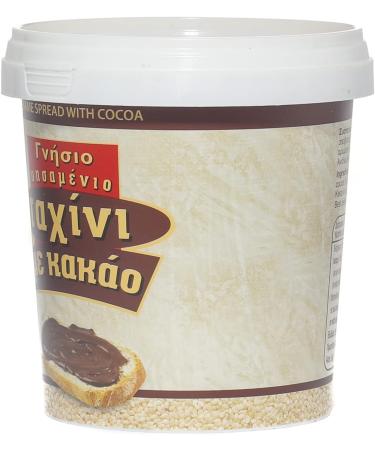 Greek Tahini Cocoa 500g (plastic jar) - Buy Online on GoSupps.com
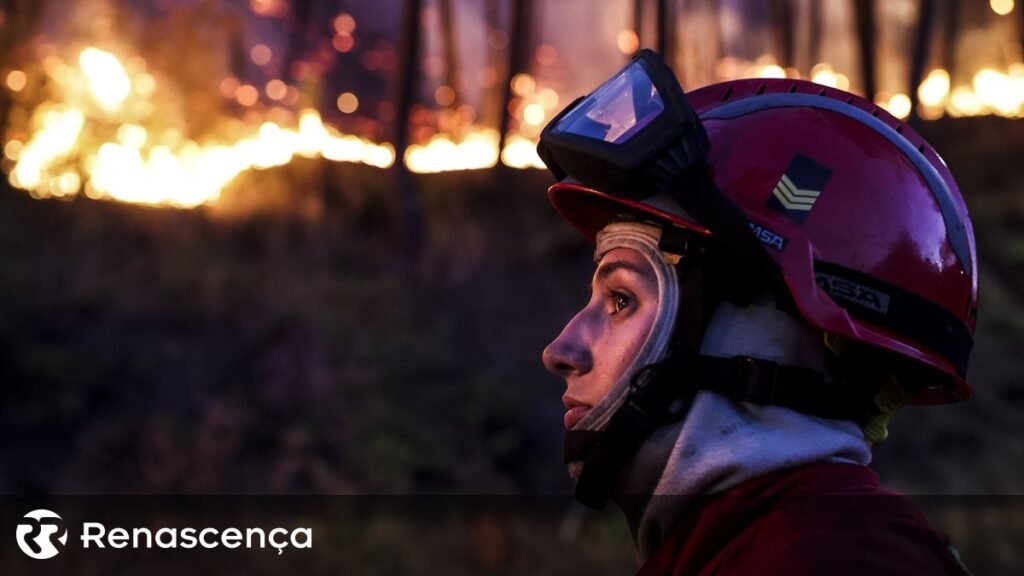 Fogo. Segurança Pública em alerta máximo até outubro.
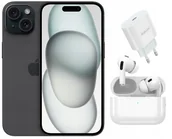 Ładowarki do telefonów - Iphone 15 256GB Czarny - miniaturka - grafika 1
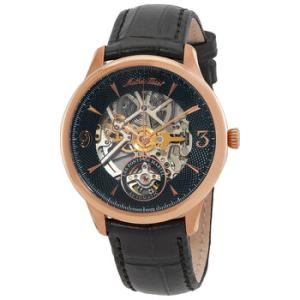 Edmond Automatic Skeleton Black Dial Watch MC1886SKPN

* [Exercise brief]
Would you set down each line of the listing above exactly, apart from the pictures?

* [Written solution]
 Greek Tahini Cocoa 500g (plastic jar) - Buy Online on GoSupps.com
 Fogo. Segurança Pública em alerta máximo até outubro.
 Ładowarki do telefonów - Iphone 15 256GB Czarny - miniaturka - grafika 1
 Edmond Automatic Skeleton Black Dial Watch MC1886SKPN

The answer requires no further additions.